Ik ontdekte laatst een zekere Amerikaans-Hongaarse psycoloog, Mihaly Csikszentmihalyi, die onderzoek heeft gedaan bij helden in onder andere de sport en in de kunst over het fenomeen flow. Hij vertaalt dit als de ervaring van geluk tijdens het proces van creatie. Zijn ontdekking was dat mensen die regelmatig in flow zijn over een ‘dialectisch’ karakter beschikken. Met andere woorden: een karakter vol uitersten.

Hij ontdekte dat deze mensen bakkenvol lichamelijke energie hebben, maar ook vaak kalm en rustig zijn. Ze kunnen hun focus richten als een laserstraal, maar zijn ook associatief en vol ideeën. Ze slapen diep en veel, en zijn overdag klaarwakker en ‘aan’. Ze zijn slim én naïef. Ze kunnen convergent denken (rationeel, analytisch) en dat combineren met divergent denken (flexibel, uitwaaierend). Ze zijn zowel gedisciplineerd als speels. Kunnen volop fantaseren en verbeelden en anderzijds realiseren en waarmaken. Ze zijn introvert en extravert. Bescheiden, soms zelfs verlegen, maar ook trots op wat ze maken. Ze zijn traditioneel en opstandig. Ze stellen zich open voor veel genot, maar indien nodig ook veel pijn en leed. Het deed me herinneren; leven en werken hoeft nooit op één manier. Sterker nog; dan is alle beweging eruit!
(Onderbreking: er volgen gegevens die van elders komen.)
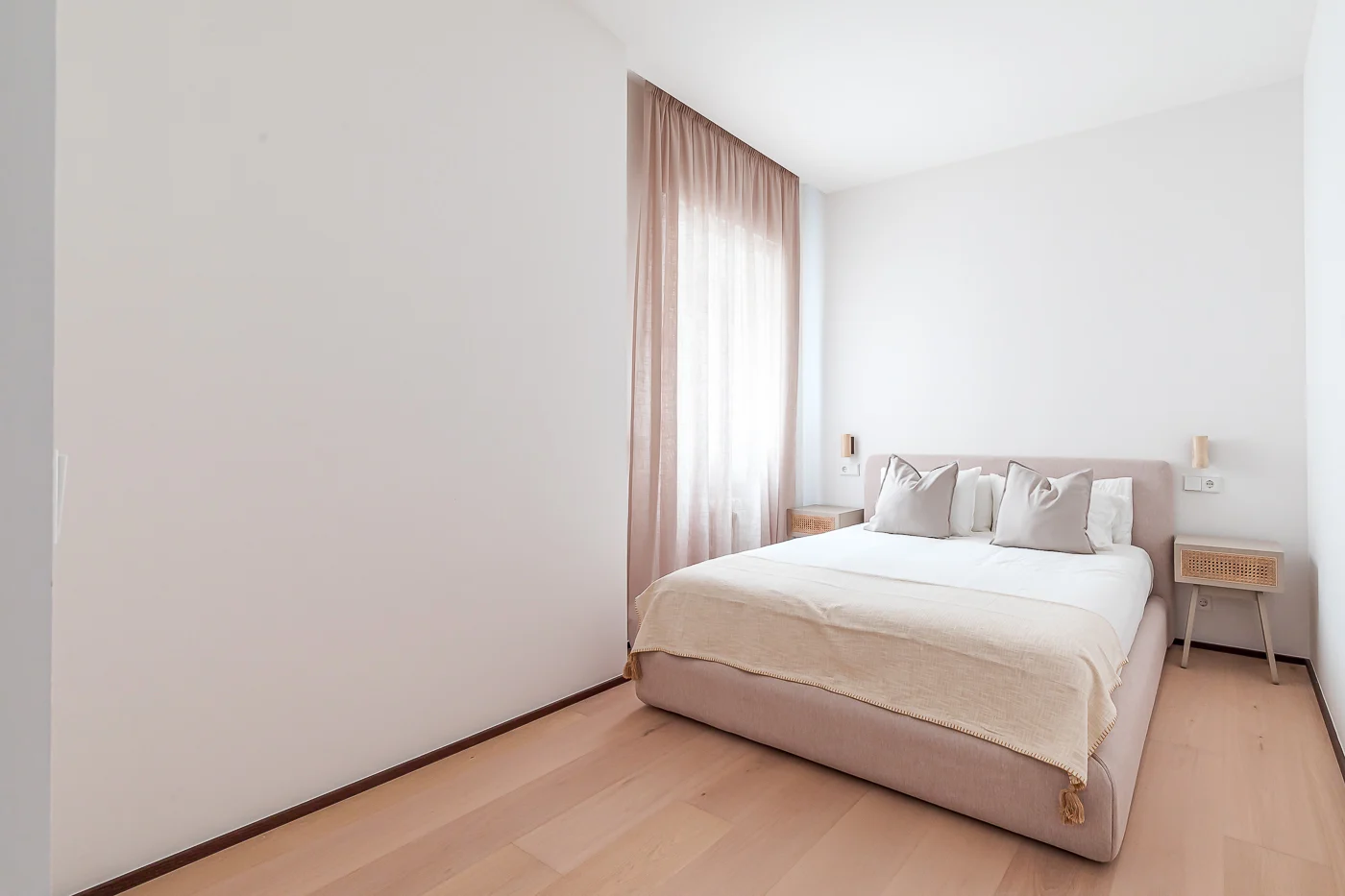 Fotografía 44 · Exclusive Renovated Apartment with Terrace in Salamanca District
Maar om te kunnen bewegen moet ik eerst stilstaan. Hoe lastig ook; de aanstaande winter lijkt me steeds verder naar binnen te lonken. Daar wil hij me sluimerende eigenschappen tonen, die ik nog amper ken van mezelf. Dat is niet makkelijk – en zeker niet altijd leuk. Want ik benut niet zomaar een eigenschap van mezelf graag veel; blijkbaar loop ik nog rond met een oordeel over de tegenhanger daarvan.

Maar alleen als ik m’n blik naar binnen durf te keren, zal ik daar iets (ogenschijnlijk) nieuws ontdekken. Schrijven, verbeelden, wat meer alleen zijn, wandelen, verhalen lezen; allemaal blikopeners voor het nieuwe.

En daar, tussen het oude en het nieuwe, in de tussenruimte die dan ontstaat, wordt het leven voller. Wie zegt daar nou nee tegen?

Salut,

Anne

“Hoe groter de uitersten, hoe meer dat van ons vraagt. Dat meebewegen gaat veel verder dan na een jaar onze dikste jas of slippers tevoorschijn halen. Het vergt ook een meebewegen dieper binnenin; tussen verschillende uitersten in onszelf.”

 
Vorige
Vorige

Het wisselspoor

Volgende
Volgende

Stilstaan of springen?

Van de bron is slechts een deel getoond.